See more about Cache Adapters.
Getting Started
Add it to your Gemfile:
gem 'cacheable'
Set your cache adapter
# If you're in a Rails app place the following in config/initializers/cacheable.rb
Cacheable.cache_adapter = Rails.cache
# Otherwise you can specify the name of the adapter anywhere before you use it
Cacheable.cache_adapter = :memory
Simple Implementation Example
Cacheable is designed to work seamlessly with your already existing codebase. Consider the following example where we fetch the star count for Cacheable from GitHub's API. Feel free to copy/paste it into your IRB console or use the code in examples/simple_example.rb.
require 'json'
require 'net/http'
class GitHubApiAdapter
def star_count
puts 'Fetching data from GitHub'
url = 'https://api.github.com/repos/splitwise/cacheable'
JSON.parse(Net::HTTP.get(URI.parse(url)))['stargazers_count']
end
end
To cache this method and its result, simply add the following:
# From examples/simple_example.rb
require 'cacheable' # this may not be necessary depending on your autoloading system
require 'json'
require 'net/http'
class GitHubApiAdapter
include Cacheable
cacheable :star_count
def star_count
puts 'Fetching data from GitHub'
url = 'https://api.github.com/repos/splitwise/cacheable'
JSON.parse(Net::HTTP.get(URI.parse(url)))['stargazers_count']
end
end
That's it! There's some complex Ruby magic going on under the hood but to the end user you can simply call star_count and the result will be retrieved from the cache, if available, or fetched from the network and placed into the cache. To confirm it is working, fire up an IRB console try the following:
> a = GitHubApiAdapter.new
> a.star_count
Fetching data from GitHub
=> 58
> a.star_count
=> 58
# Notice that "Fetching data from GitHub" was not output the 2nd time the method was invoked.
# The network call and result parsing would also not be performed again.
Additional Methods
Cacheable also adds two useful methods to your class.
Skip the Cache via #{method}_without_cache
The cache can intentionally be skipped by appending _without_cache to the method name. This invocation will neither check the cache nor populate it. It is as if you called the original method and never used Cacheable.

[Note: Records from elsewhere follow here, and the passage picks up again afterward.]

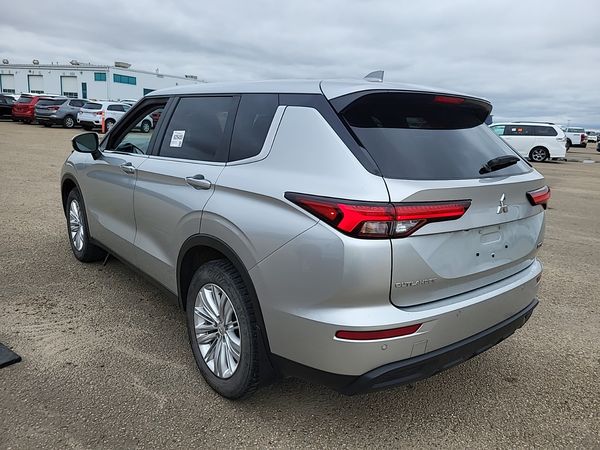 2024 Mitsubishi Outlander ES
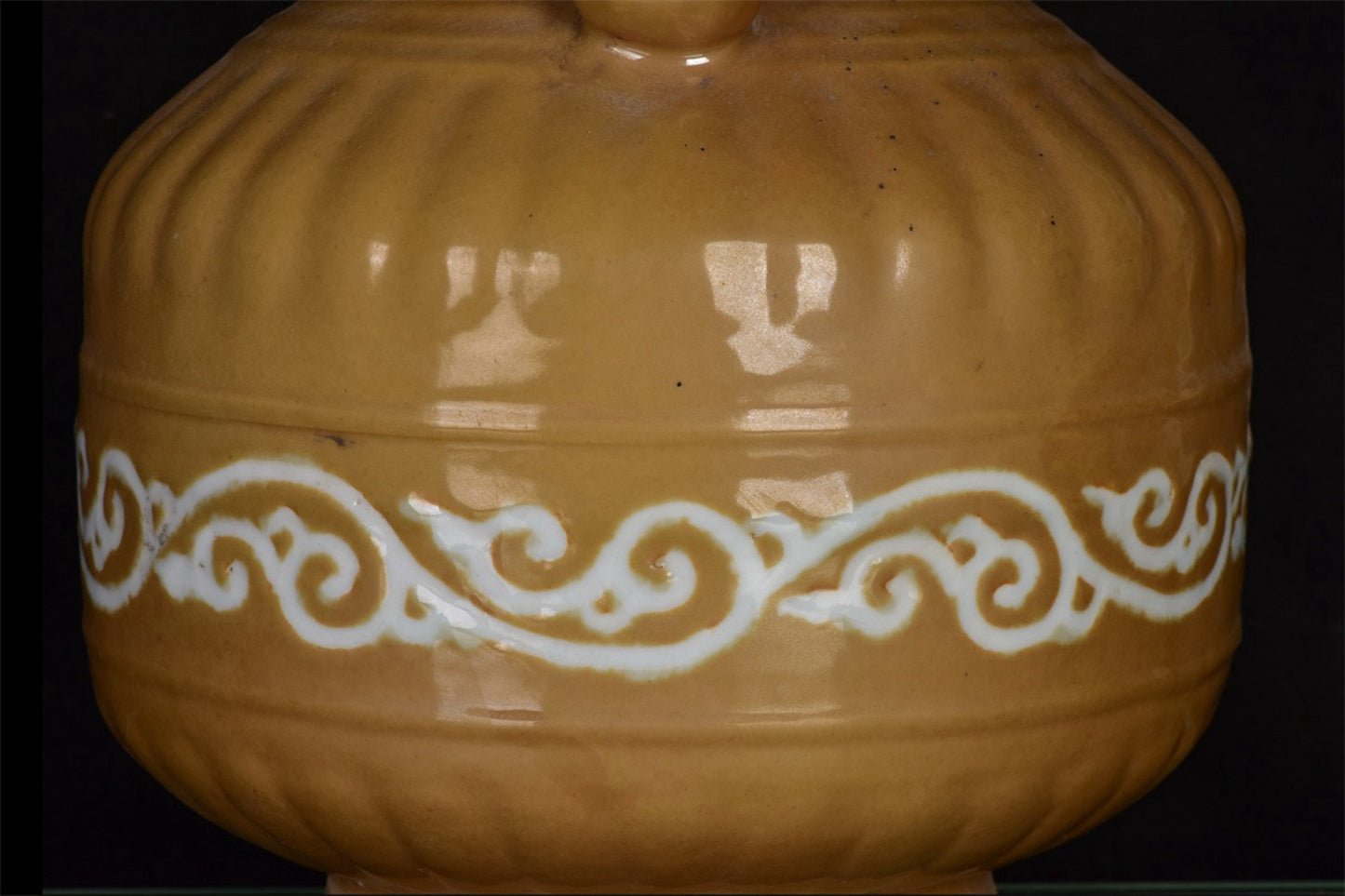 Chinese antique sauce glaze with white curly grass pattern and flower watering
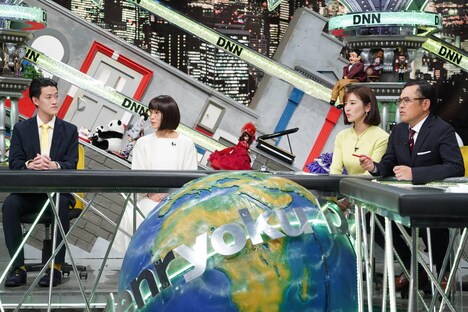 （左から）霜降り明星・粗品、山口紗弥加、小澤陽子アナ、アリタ哲平。(c)フジテレビ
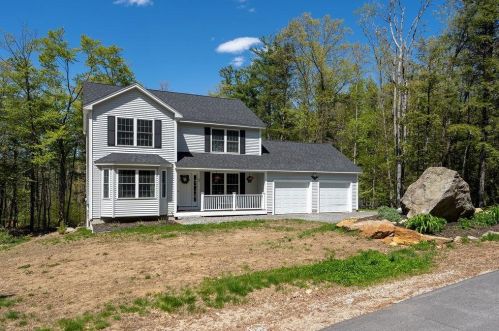 24 Robbins Rd, Wilton, NH 03086 exterior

> a = GitHubApiAdapter.new
> a.star_count
Fetching data from GitHub
=> 58
> a.star_count_without_cache
Fetching data from GitHub
=> 58
> a.star_count
=> 58
Remove the Value via clear_#{method}_cache
The cached value can be cleared at any time by calling clear_#{your_method_name}_cache.
> a = GitHubApiAdapter.new
> a.star_count
Fetching data from GitHub
=> 58
> a.star_count
=> 58
> a.clear_star_count_cache
=> true
> a.star_count
Fetching data from GitHub
=> 58
Additional Configuration
Cache Keys
Default
By default, Cacheable will construct a key in the format [cache_key || class_name, method_name] without using method arguments. If a cached method is called with arguments while using the default key format, Cacheable will emit a warning to stderr since different arguments will return the same cached value. To silence the warning, provide a :key_format proc that includes the arguments in the cache key.
If the object responds to cache_key its return value will be the first element in the array. ActiveRecord provides cache_key but it can be added to any Ruby object or overwritten. If the object does not respond to it, the name of the class will be used instead. The second element will be the name of the method as a symbol.
It is up to the cache adapter what to do with this array. For example, Rails will turn [SomeClass, :some_method] into "SomeClass/some_method". For more information see the documentation on Cache Adapters
Set Your Own
If (re)defining cache_key does not provide enough flexibility, you can pass a proc to the key_format: option of cacheable.
# From examples/custom_key_example.rb
require 'cacheable'
require 'json'
require 'net/http'
class GitHubApiAdapter
include Cacheable
cacheable :star_count, key_format: ->(target, method_name, method_args, **kwargs) do
date = kwargs.fetch(:date, Time.now.strftime('%Y-%m-%d'))
[target.class, method_name, method_args.first, date].join('/')
end
def star_count(repo, date: Time.now.strftime('%Y-%m-%d'))
puts "Fetching data from GitHub for #{repo} (as of #{date})"
url = "https://api.github.com/repos/splitwise/#{repo}"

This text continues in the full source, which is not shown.